[quote]BostonBarrister wrote:
Beowolf wrote:
All I know, is that at my High School I can basically get away with any small time rule breaking. I can cut, I can walk the halls during class, hell I’ve never served a single one of my 24 detentions last year and they were all wiped at the end, as if they never existed (for the record, they were all for cutting a study hall).
If A black student did ANY of those things, he’d be caught and forced into detention immediately. I have literally had security guards PASS me in the halls during s “sweep” for cutters so they could give a black guy detention. They let me walk away scott free.

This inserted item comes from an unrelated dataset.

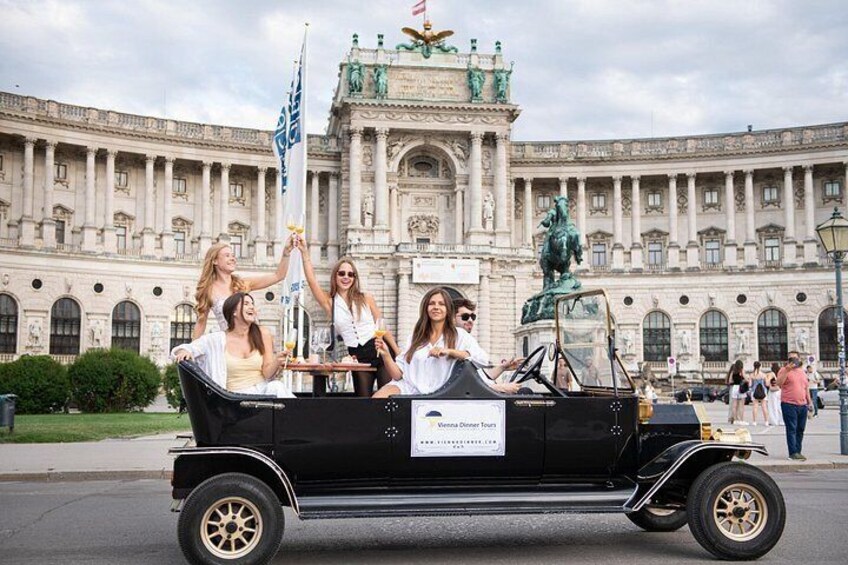 A vintage car with passengers, a building with columns, and a statue in the background. 1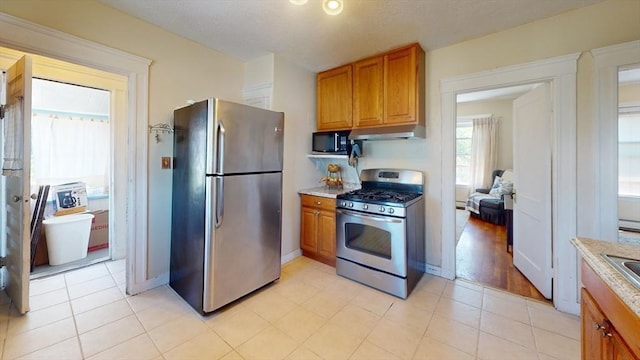 31-33 Harvard St, Medford, MA 02155 - kitchen featuring stainless steel appliances, under cabinet range hood, brown cabinetry, and light stone counters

In my town, the police hardly ever arrest the rich white kids from the Bay when they drive drunk. But you can bet your ass that five to ten cops hung out around the ghetto New Years eve, and that they harassed the sober drives. My friend, who is white, gets harassed by the police plenty because he drives his black friends home after Track. They are convinced he is selling the black kids crack (two officers have actually verbalized this assumption, thankfully my friend used to want to be a cop, and knew the police code well enough to tell them in a non-threatening way to go fuck themselves).
So regardless of all the complaining that “White guys have no rights”, and yes, reverse bigotry DOES exist, plain old white on black bigotry is still shining through. Hell, I live in New York, when I vacation in the South it’s about ten times as bad.
To pretend that reverse discrimination has actually over taken regular old white racism, is to me, fucking ridiculous.
I am NOT for affirmative action. I am NOT for such ridiculous sexual harassment policies. However to say “white guys have no rights” is a massive hyperbole. Especially because it implies that the opposite “black women have more rights” is true.
jsbrook wrote:
I agree. I am not for affirmative action and ridiculous sexual harassment policies either. But in my daily life, I still see minorities and women at a decided disadvantage compared to us. It’s just not like the 50s where you were essentially a god if you were a white man with a good job. I do think that women and minorities are at advantage when it comes to hiring. But this does not continue. It still is a boys club to a large degree. Women and minorities have a harder time rising to the top level. And not because of any lack of talent. I see it everywhere. Certainly at my law firm. Certainly in the ibanking and finance world. As far as harassment goes, it’s a tough issues. There is a lot of legitimate harrassment that goes on.
Assuming arguendo that both of you are correct and that your observations are largely representative, does it matter to either of you that on the one hand you are observing either private or public-figure illegal behavior, and on the other you are getting an explicit governmental policy?[/quote]
It depends on your view of what role government should play in society. If you think it’s government’s place to right inequities in society, that counsels for affirmative action. Personally, I think affirmative action policies are deeply flawed. I don’t agree that the government should ‘right inequities’ if the form that takes is hiring unqualified applicants over qualfied ones. Same in the educational realm. And affirmative action has done a lot of that. I have much less of an issue with giving preferential treatment to equally qualified minority applicants. But I wouldn’t say that laws against sexual harrassment are the same as a comprehensive policy of affirmative action designed to elevate a particular group. Sexual harassment is against the law for good reason. Like discrimination. Theft. Rape. There should be laws against sexual harassment because its an action we have deemed unacceptable like any other and because it still exists and is a problem. I don’t think there should be tough policies with the goal of elevating women in the workplace but because sexual harassment is an ongoing problem. And it’s not something that anyone of either sex should have to deal with in the workplace. It doesn’t have to be gender-specific, though. It really shouldn’t be. As women do gain positions of power, they too can condition benefits or threaten job security on sexual acquiesence. If anything is the problem, it’s prevailing perceptions and how we apply the law and not the law itself. You can’t go in with a presumption of guilt against a male employer/supervisor and assume that he is guilty of harassment just because a woman alleges he is. And you can’t just assume any male subordinate claiming to be harassed by a woman is full of shit.